Many hedge funds responded to the growing turmoil by increasing their short positions.
Bets against Credit Suisse, for instance, were running at just 3.5 per cent of the bank’s outstanding shares at the start of March, according to S&P Global Market Intelligence, as measured by shares out on loan, but had jumped to 14 per cent by March 20, the day after Credit Suisse was sold to UBS Group AG UBS-N.
Short interest in First Republic rocketed from just 1.3 per cent at the start of March to 38.5 per cent by March 30.
Other managers who benefited include Ravi Chopra’s U.S.-based hedge fund group Azora Capital LP, which profited from bets against U.S. regional banks, according to a person familiar with its positions. Azora did not respond to a request for comment.
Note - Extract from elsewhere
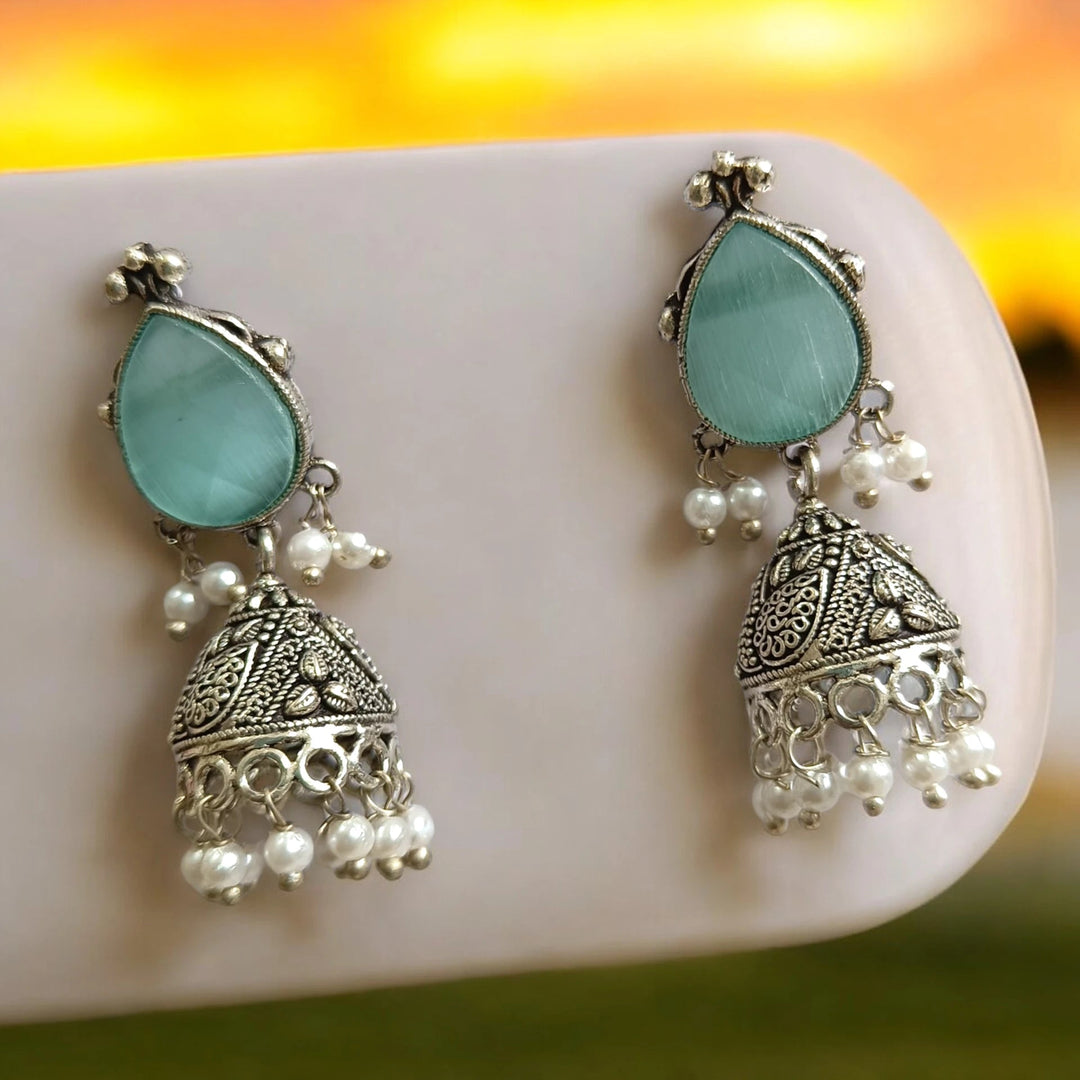 TELANAARI SILVER OXIDISED CLASSIC WHIMSY JHUMKI EARRINGS ARIKA - TelaNaari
Short sellers’ gains on Deutsche Bank, however, were more muted. While bets against the bank were quickly raised from 1.4 per cent at the start of March to as much as 6.1 per cent by March 28, the bank’s shares had already bottomed on March 24 – the day of Chancellor Scholz’s comments – and have since recovered some ground, eroding funds’ gains.
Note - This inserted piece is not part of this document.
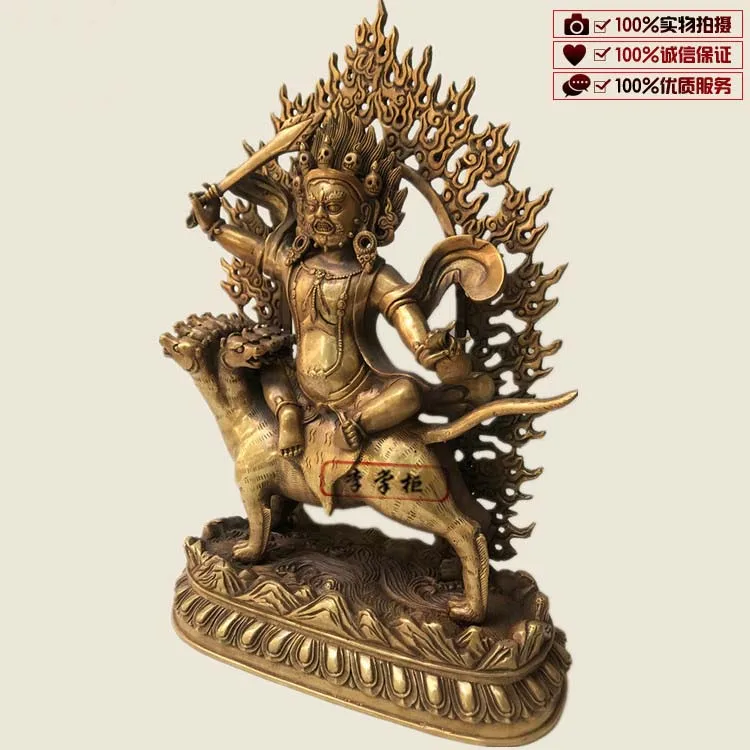 large Tibet Nepal Buddhism Copper Angry Padmasambhava Guru Rinpoche FEN NU LIANSHI Buddha statue Shrine protection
Hedge funds appear to be expecting further problems to emerge in the sector. Short interest in First Republic remains only marginally below the March high at 37.3 per cent, while bets against Deutsche have also fallen only slightly.
Argonaut’s Mr. Norris highlights the U.S. Federal Reserve Board’s liquidity assistance programme announced last month. This, he says, reduced the risk of weaker U.S. regional banks going bust owing to a lack of liquidity, but the high rate of interest being charged could lead to “a catastrophic impact on net interest margins, creating a solvency risk.”
“The liquidity crisis is probably over, but the solvency crisis is about to begin,” he says.